Abstract
Shellfish accumulate marine toxins from their microalgal diet. The marine toxin tetrodotoxin (TTX) also accumulates in seafood, but via unknown mechanisms. Toxin determinations have traditionally been performed using live mouse bioassay. Due to ethical concerns and the poor analytical performance of these assays, alternatives are needed.
During the present study, an LC-MS method for determining six brevetoxins was validated. The recovery ranged from 73% to 112% for most analytes and was 61% for one (PbTx-2). The within lab reproducibility ranged from 14% to 18% for most analytes except PbTx-2, which gave a value of 27%. The sum of the concentrations for all six brevetoxins, when compared to the mouse bioassay, appears to be a conservative measure of toxicity.
A receptor binding assay (RBA) was also investigated as a replacement of the paralytic shellfish poisoning mouse bioassay. The assay was subjected to inter-laboratory testing and three spiked samples gave a recovery of 84% to 93% with reproducibility of 29%. Compared to HPLC alternatives, the RBA assay has the advantage of presenting results in a total toxicity format without the need for quantitation of each toxin and the application of toxin equivalence factors.
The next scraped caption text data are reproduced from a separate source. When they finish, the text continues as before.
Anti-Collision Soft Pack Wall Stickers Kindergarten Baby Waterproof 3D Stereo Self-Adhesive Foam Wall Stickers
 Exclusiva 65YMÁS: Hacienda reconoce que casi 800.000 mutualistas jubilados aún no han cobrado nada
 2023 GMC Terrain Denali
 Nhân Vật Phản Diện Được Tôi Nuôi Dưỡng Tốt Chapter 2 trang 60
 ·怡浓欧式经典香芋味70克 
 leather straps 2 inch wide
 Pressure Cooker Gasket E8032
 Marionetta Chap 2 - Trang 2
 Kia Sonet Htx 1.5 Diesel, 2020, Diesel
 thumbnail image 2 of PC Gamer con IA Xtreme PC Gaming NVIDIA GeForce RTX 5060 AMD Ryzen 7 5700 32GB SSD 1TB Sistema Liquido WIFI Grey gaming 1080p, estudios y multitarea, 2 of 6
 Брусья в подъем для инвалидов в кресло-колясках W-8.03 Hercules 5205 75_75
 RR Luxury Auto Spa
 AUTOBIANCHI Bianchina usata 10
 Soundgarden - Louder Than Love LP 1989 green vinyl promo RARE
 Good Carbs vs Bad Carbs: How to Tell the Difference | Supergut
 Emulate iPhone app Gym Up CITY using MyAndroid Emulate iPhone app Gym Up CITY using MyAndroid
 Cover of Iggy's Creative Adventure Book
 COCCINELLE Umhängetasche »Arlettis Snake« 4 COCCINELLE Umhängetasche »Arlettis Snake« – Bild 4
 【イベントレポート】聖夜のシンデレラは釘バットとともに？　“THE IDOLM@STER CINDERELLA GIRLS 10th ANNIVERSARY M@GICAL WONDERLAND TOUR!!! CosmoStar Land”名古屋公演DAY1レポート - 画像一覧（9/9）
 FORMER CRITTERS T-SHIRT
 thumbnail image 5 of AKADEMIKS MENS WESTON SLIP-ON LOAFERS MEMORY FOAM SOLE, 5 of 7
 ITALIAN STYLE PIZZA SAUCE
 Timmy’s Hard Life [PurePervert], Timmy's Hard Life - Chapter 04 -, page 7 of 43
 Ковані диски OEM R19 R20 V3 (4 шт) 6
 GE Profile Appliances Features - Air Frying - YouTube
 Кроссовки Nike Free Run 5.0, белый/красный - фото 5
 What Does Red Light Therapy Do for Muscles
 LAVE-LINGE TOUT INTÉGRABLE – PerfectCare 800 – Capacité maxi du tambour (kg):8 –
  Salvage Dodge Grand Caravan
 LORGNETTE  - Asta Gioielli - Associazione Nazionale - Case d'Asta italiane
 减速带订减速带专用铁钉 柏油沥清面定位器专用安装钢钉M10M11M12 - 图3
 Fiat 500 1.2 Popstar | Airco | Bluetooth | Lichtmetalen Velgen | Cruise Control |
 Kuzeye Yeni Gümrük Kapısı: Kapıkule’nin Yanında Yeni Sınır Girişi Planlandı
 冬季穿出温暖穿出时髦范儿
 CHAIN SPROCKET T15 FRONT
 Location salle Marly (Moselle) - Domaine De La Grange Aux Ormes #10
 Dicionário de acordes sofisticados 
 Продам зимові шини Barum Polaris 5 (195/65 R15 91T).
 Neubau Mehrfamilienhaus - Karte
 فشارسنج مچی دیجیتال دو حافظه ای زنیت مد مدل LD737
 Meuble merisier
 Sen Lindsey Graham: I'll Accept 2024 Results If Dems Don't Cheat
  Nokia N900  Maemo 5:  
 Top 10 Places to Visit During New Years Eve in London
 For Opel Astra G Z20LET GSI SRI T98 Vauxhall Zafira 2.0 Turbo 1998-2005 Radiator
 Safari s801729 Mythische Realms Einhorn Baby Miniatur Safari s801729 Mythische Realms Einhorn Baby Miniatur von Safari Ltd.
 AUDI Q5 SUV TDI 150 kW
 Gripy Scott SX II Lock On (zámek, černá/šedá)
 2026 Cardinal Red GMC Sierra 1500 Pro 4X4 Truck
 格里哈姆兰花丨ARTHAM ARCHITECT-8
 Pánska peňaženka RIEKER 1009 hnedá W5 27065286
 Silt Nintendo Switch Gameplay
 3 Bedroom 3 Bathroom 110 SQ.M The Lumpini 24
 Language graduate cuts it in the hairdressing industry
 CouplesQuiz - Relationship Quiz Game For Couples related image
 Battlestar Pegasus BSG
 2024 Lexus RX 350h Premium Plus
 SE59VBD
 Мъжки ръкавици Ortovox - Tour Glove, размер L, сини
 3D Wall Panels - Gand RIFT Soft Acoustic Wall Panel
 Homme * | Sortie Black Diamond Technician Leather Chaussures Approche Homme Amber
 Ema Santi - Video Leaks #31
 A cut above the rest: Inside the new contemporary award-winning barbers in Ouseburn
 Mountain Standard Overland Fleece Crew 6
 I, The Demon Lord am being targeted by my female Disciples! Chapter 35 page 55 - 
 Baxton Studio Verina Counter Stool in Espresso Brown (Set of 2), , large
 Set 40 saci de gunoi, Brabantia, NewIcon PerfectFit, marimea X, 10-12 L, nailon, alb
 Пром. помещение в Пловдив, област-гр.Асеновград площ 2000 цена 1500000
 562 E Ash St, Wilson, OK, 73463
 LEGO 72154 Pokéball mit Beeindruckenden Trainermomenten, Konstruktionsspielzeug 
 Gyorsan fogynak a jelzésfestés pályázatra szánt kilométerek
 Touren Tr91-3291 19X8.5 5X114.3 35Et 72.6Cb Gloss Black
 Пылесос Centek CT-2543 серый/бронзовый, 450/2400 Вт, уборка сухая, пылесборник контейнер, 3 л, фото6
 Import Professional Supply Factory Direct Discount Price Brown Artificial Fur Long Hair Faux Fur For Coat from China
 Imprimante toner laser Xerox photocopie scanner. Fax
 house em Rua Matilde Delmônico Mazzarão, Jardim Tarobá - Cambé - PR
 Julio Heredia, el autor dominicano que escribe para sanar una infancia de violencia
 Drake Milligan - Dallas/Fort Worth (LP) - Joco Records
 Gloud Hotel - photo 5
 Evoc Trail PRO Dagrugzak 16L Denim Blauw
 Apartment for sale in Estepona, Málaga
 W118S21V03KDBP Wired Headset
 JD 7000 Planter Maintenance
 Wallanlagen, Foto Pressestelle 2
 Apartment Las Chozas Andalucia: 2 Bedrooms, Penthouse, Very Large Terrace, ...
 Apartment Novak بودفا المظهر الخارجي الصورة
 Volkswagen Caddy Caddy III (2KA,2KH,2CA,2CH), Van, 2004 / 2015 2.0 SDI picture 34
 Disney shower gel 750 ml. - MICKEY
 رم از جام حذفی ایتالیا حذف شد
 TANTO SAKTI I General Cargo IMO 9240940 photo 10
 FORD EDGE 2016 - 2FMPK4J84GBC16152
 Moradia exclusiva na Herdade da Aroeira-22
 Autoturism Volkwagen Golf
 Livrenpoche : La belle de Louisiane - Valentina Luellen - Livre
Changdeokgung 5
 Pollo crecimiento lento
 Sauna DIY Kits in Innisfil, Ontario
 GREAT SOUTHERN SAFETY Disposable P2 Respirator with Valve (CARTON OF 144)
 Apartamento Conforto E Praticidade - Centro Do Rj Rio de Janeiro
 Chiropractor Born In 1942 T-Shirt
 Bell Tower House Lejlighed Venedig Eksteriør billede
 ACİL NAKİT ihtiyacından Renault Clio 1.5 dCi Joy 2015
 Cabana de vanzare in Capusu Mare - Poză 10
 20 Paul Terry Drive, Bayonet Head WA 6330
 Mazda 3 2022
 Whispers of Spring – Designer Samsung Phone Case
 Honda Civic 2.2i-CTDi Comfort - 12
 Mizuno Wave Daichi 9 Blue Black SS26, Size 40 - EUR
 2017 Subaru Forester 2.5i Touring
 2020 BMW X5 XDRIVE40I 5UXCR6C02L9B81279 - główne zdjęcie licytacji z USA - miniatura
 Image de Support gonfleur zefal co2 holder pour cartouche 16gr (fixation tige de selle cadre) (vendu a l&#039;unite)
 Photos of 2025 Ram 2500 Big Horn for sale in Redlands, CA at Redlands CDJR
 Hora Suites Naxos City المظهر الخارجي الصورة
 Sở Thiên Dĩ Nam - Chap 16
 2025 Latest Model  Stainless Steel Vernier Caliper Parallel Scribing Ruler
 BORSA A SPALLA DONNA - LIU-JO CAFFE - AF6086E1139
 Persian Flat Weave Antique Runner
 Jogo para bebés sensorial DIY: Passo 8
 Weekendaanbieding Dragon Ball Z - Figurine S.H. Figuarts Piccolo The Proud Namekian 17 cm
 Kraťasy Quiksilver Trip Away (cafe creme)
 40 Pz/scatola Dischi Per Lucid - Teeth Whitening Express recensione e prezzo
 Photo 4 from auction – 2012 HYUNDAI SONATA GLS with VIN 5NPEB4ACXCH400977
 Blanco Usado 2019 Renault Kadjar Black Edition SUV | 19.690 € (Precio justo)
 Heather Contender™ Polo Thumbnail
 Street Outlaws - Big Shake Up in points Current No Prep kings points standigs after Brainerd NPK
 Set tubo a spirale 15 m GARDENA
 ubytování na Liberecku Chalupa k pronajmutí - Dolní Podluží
Positive mouse bioassay results were commonly reported for Crassostrea gigas samples from Rangaunu Harbour, Northland, NZ prior to 2000 and have been attributed to the presence of Rangaunu Harbour Toxin (RHT). The nature of this toxin was further investigated using an LC-MS assay in light of the discovery of pinnatoxins (PnTxs) in C gigas from Australia. An LC-MS method was validated, and PnTx recovery ranged from 79% to 81% with reproducibility from 5.8% to 9.8%. Nine samples of C gigas collected between 1993 and 1995 and two samples collected in 2008 were tested for PnTxs using this new LC-MS assay method. All samples were found to contain PnTxs but no other toxins and so it was concluded that RHT is PnTx. A survey of the health of locals consuming shellfish from the area over many years suggested that PnTxs are of no concern for human health.
Two LC-MS methods were developed and validated for the detection and quantification of TTX. One relied on direct quantitation of TTX after HILIC chromatography and the other method determined TTX after reaction with NaOH to form the C9 base. The recovery for the direct method at 1 mg TTX/kg was 94% to 120% and RSDR ranged from 9% to 27%. The C9 method demonstrated a recovery of 105% to 109% and RSDR ranged from 17% to 19%. TTX was found in four species during a year-long monitoring programme: Pleurobranchaea. maculata , Astrostole scabra, Crassostrea gigas and Paphies australis. Studies into the source of TTX revealed that TTX concentrations in P. maculata decrease at approximately the same rate in the wild and in aquarium. Feeding studies suggested that TTX could be acquired by P. maculata from their diet.